I caught up with CMI’s Chief Strategy Officer Robert Rose, to discuss some of the trends from the survey and their implications for marketers. The conversation looked quite broadly at the state of content marketing today, and we’ve broken it into two parts. We highlighted the biggest challenges facing content marketing. If you saw yourself in any of those points, rest assured you are not alone—but you also don’t have to continue down the same obstacle-laden path ad infinitum.
Start with content, start with: what can I do well right now?
Rose highlights that many marketers have not even dipped their toe into content marketing and promotion simply because the options can be overwhelming.
“One of the reasons I hate the word omni-channel is that it encourages us to be everywhere, and no one can,” says Rose. “We must pick and choose strategically.”
As marketing increasingly focuses on the buyers’ journey, “one man shops” and smaller teams can be facing a mandate that they must produce content for every stage of the journey, every time. The real answer to this challenge, says Rose, is to focus on producing only as much content as you can be great at.

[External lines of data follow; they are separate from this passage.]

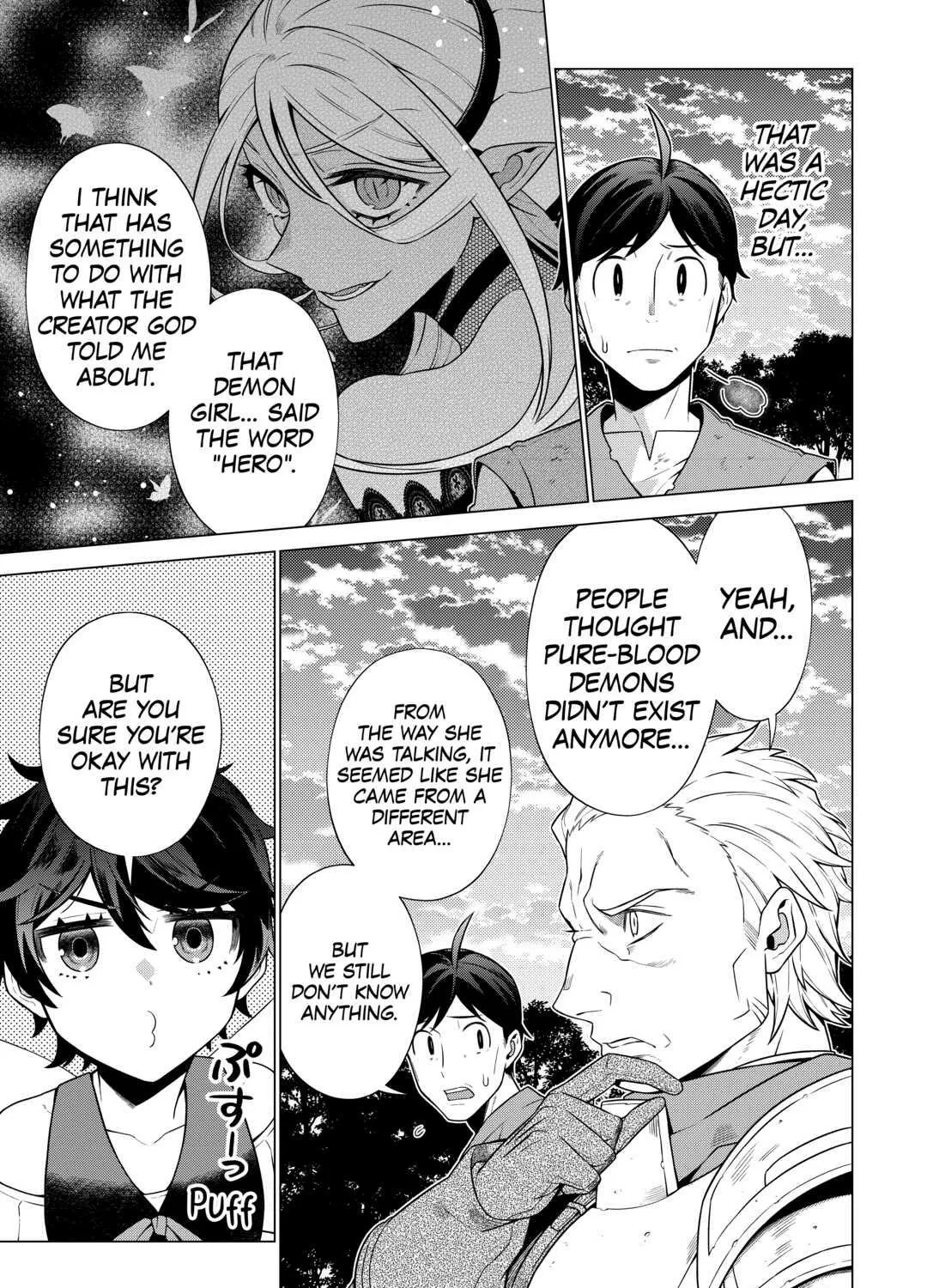 A Middle-aged Guy Turned Transcendent Explores a Different World at His Own Pace, chapter 13, page 4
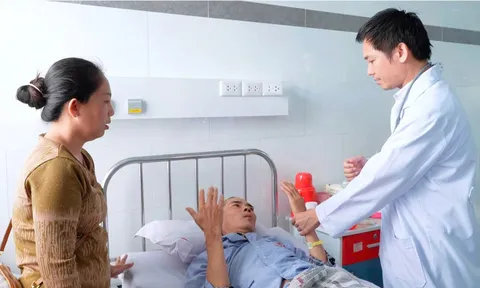 S.I.S Cần Thơ chạy đua cứu bệnh nhân xuất huyết não do vỡ túi phình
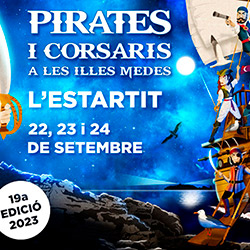 Pirates i corsaris a les illes Medes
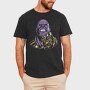 Purple Thanos, Tricou Barbati (Unisex)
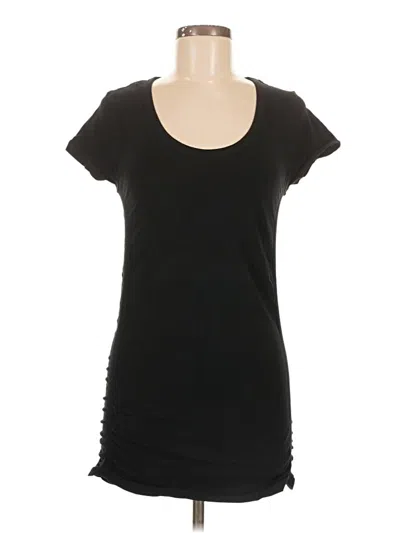Pre-owned Athleta Casual Dress In Black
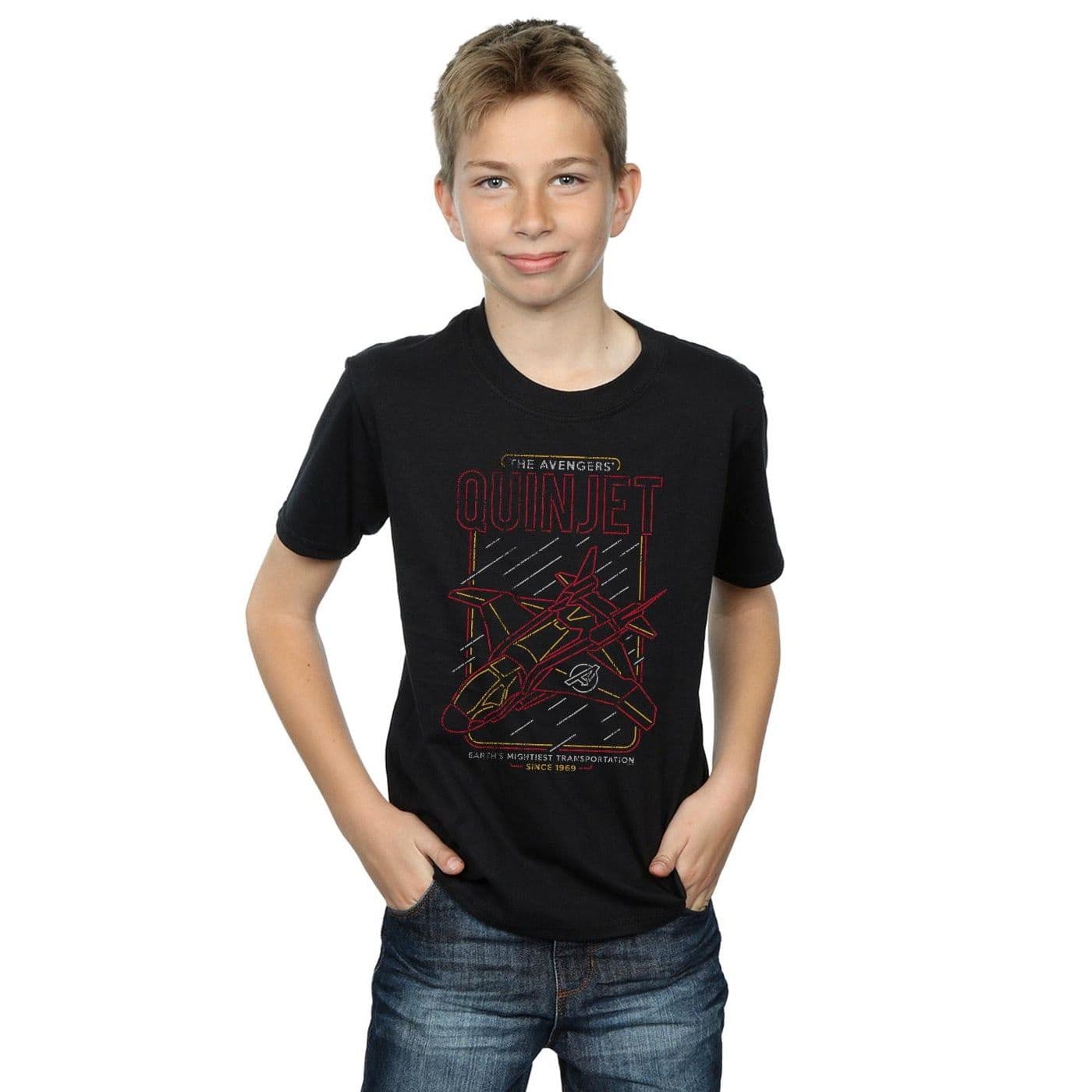 Avengers Quinjet T Shirt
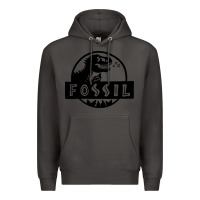 Smoke fossil dinosaur  wild life Premium Hoodie - artisFamous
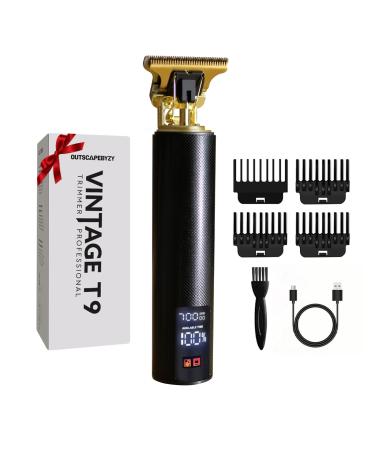 Beard Trimmer for Men Hair Trimmer T Blade Trimmer for Men Zero Gapped Hair Trimmer Gift for Men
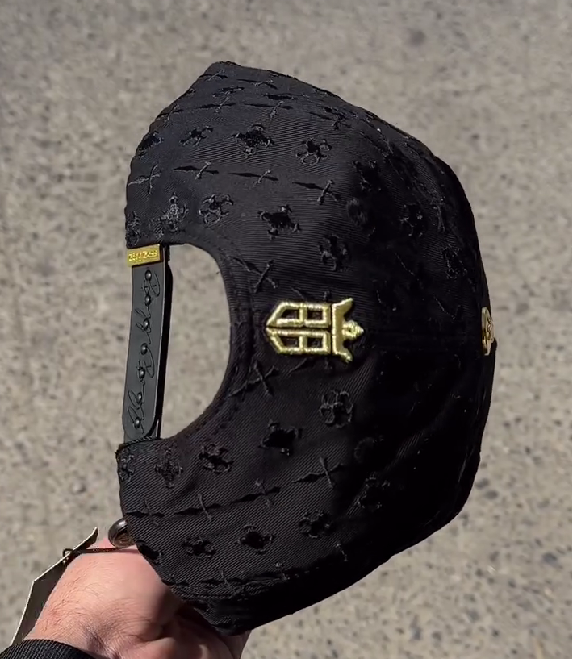 Diamond Embroidered Jesus Hat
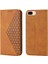 IPhone 7 Için Flip Case Artı/8 Artı Eşkenar Dörtgen Şekli El Kayışı Günlük Kullanım (Yurt Dışından) 2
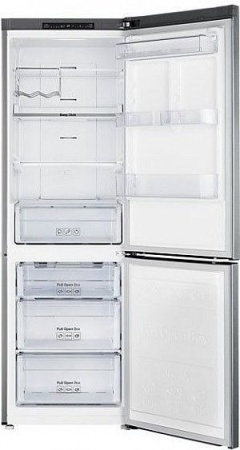 Холодильник Samsung RB33J3030SA серебристый купить с доставкой по Москве и Московской области в интернет-магазине ТехноВегас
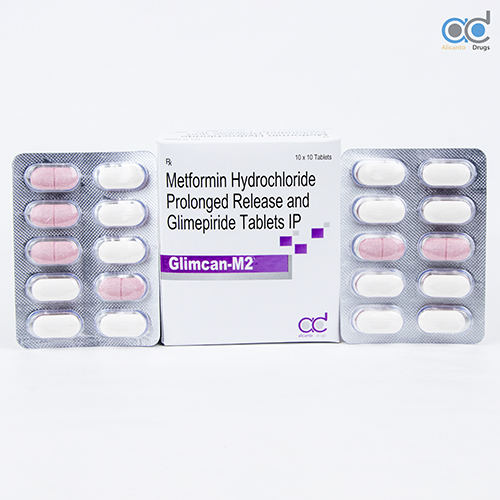 GLIMCAN-M2 Tablets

If you’re confused as to where to start, focus on your area of expertise and value and ask yourself where in your existing process does it hurt the most? Are you struggling to generate awareness for your business? Challenged with nurturing leads? Facing high rates of churn? Start there. Develop great content first, then move toward a channels strategy. Once you’ve got that going, you can turn toward building out a paid promotion strategy that makes the most sense for your efforts.
No budget? No excuse.
If you don’t have budget now, start testing your efforts on owned and social channels to inform hypotheses at a micro-level.
Take the data you’ve gleaned from your content efforts on owned and social channels and analyze it to distill your findings down to actionable insights. Based on that information, make a “paid media wish list” and start matching potential channels with existing high-quality content. Ultimately, continued success—and planning for success—starts with an ongoing evaluation of where you were, where you are and where you’d like to be—and what steps you’ve taken to get from A>B and beyond.

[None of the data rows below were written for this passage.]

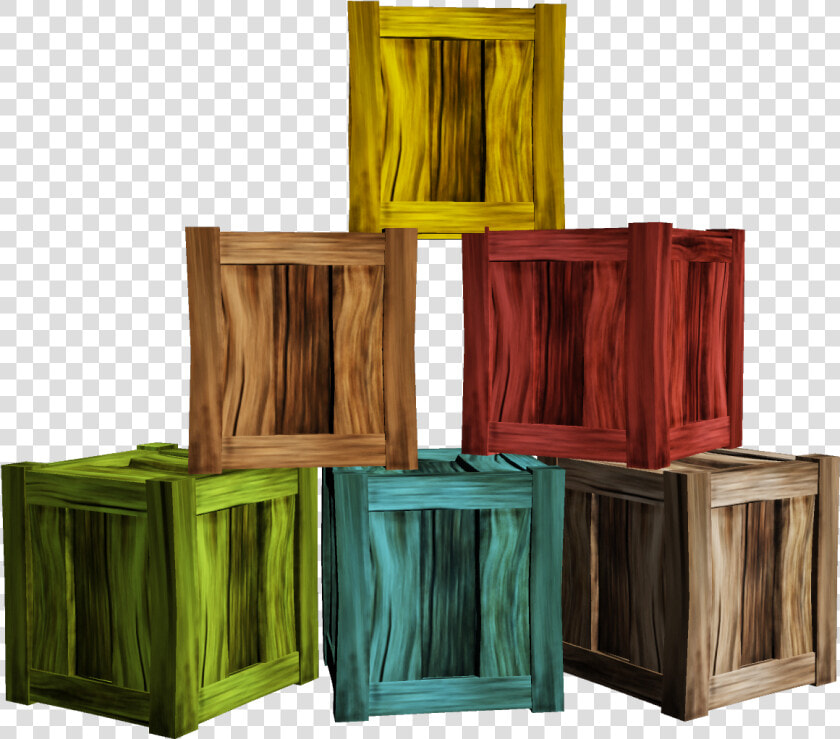 Images woodencrate Lowpoly   Plywood  HD Png DownloadTransparent PNG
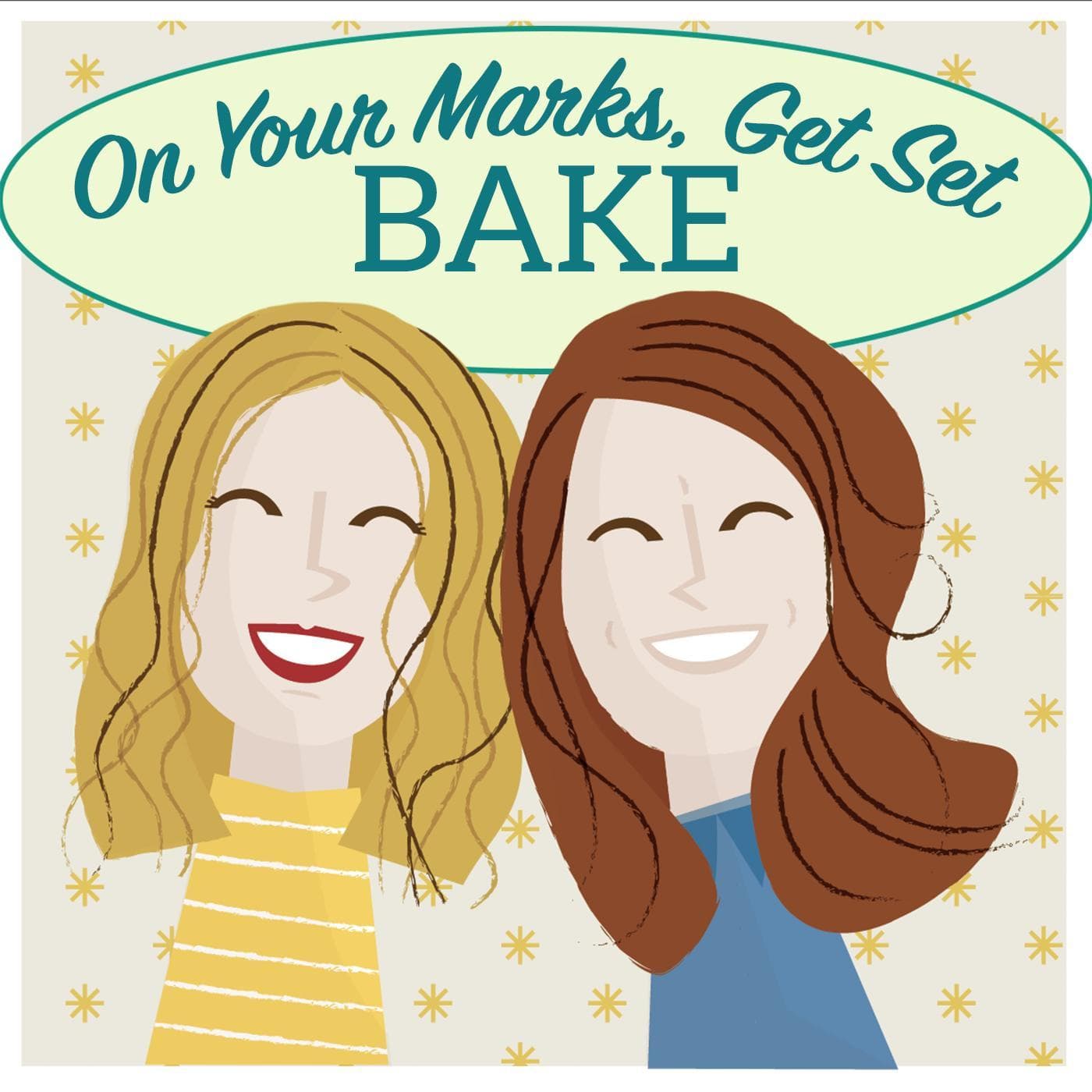 On Your Marks, Get Set, Bake! cover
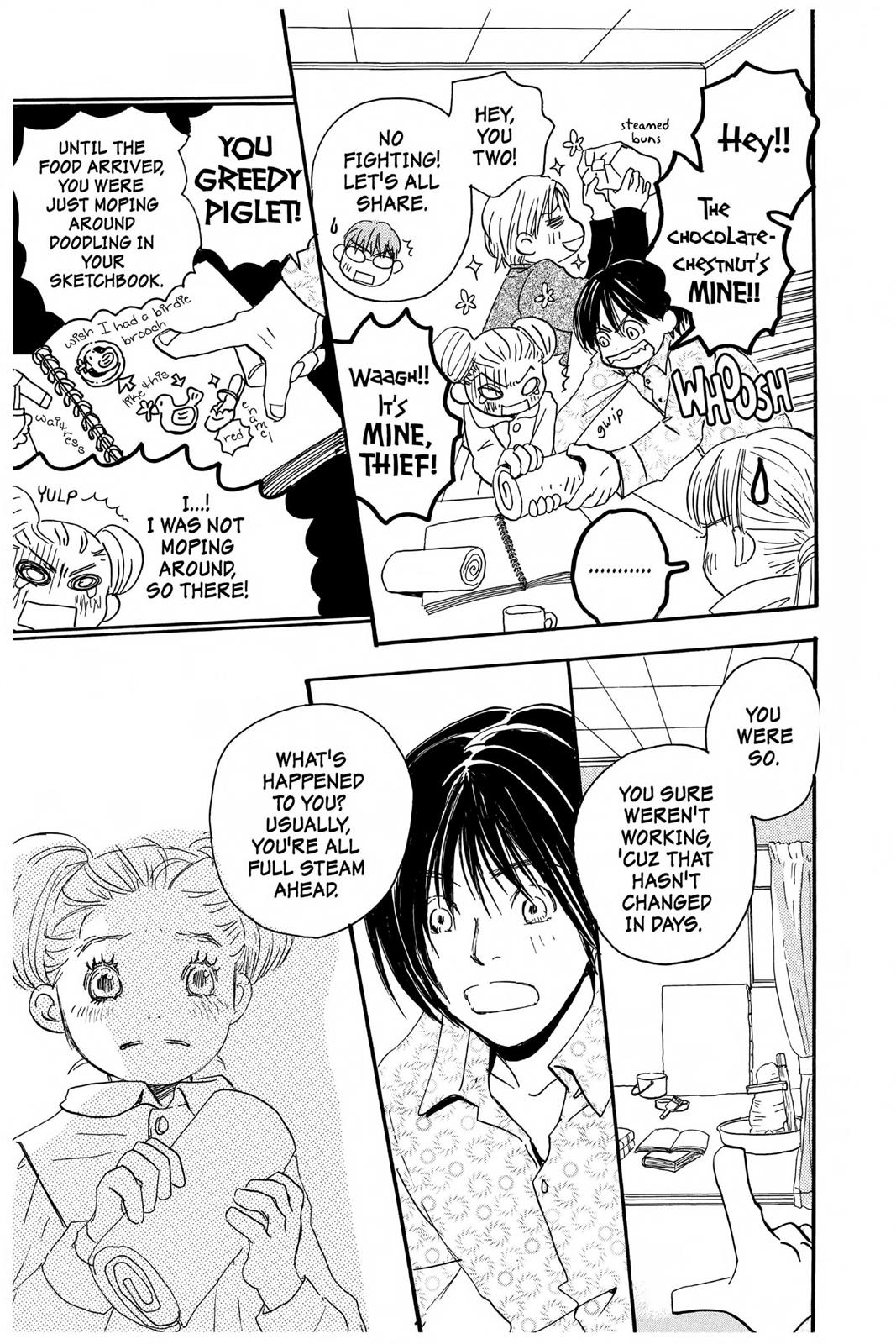 Read Honey and Clover en Manga Online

Plans grounded in data will help you make a business case for a content promotion budget, or investment from other functional groups.
Mean Girls is so 2004: you can sit with us.
Stop focusing on credit and start focusing on success. Too many businesses have operated on –and suffered from—a siloed model where one hand doesn’t know what the other is doing. Marketing and PR are natural complements when used correctly, and content marketing is perhaps the most convincing case for integrating efforts.
Guess what? Promotion and distribution might be new for your content efforts, but they’re practically ancient concepts for many of your colleagues in PR. Collaborate with the people and teams that have a promotion budget to build a compelling business case for investment. Also, jump on opportunities to insert your content into their traditional product or sales focused efforts.
Measure, test, then invest.
Rose’s previous advice, though applicable to all marketers, will perhaps most resonate with those in the early stages of their content marketing and promotion efforts. The next point, which Rose indicated applies to all spectrum of content marketers, from novice to veteran, is the struggle with measuring efforts and defining success.
Rose suggests that to effectively understand the results of content marketing and promotion efforts, businesses have to move beyond measuring the teams producing content and instead measure the effectiveness of the content itself.
If you want to improve, ask yourself: can you actually measure your efforts in a way that allows for experimentation?
Bottom line: If you want to be a leader and drive increasing returns on your content efforts, you cannot afford to fall prey to what Rose calls “up and to the right syndrome:” always doing what has worked* before and not testing anything. Rose points to Jonathan Mildenhall, currently CEO of Airbnb, who has long advocated a policy of dedicating 70% of resources and efforts toward known (read: effectively guaranteed) wins, 20% toward “out-of-the-box” tests and the final 10% to weird, might exponentially succeed or might exponentially fail efforts. There will always be new channels, but if we can understand our core and at least allow for that 10%, Rose says this is the mandate for PR and marketing today.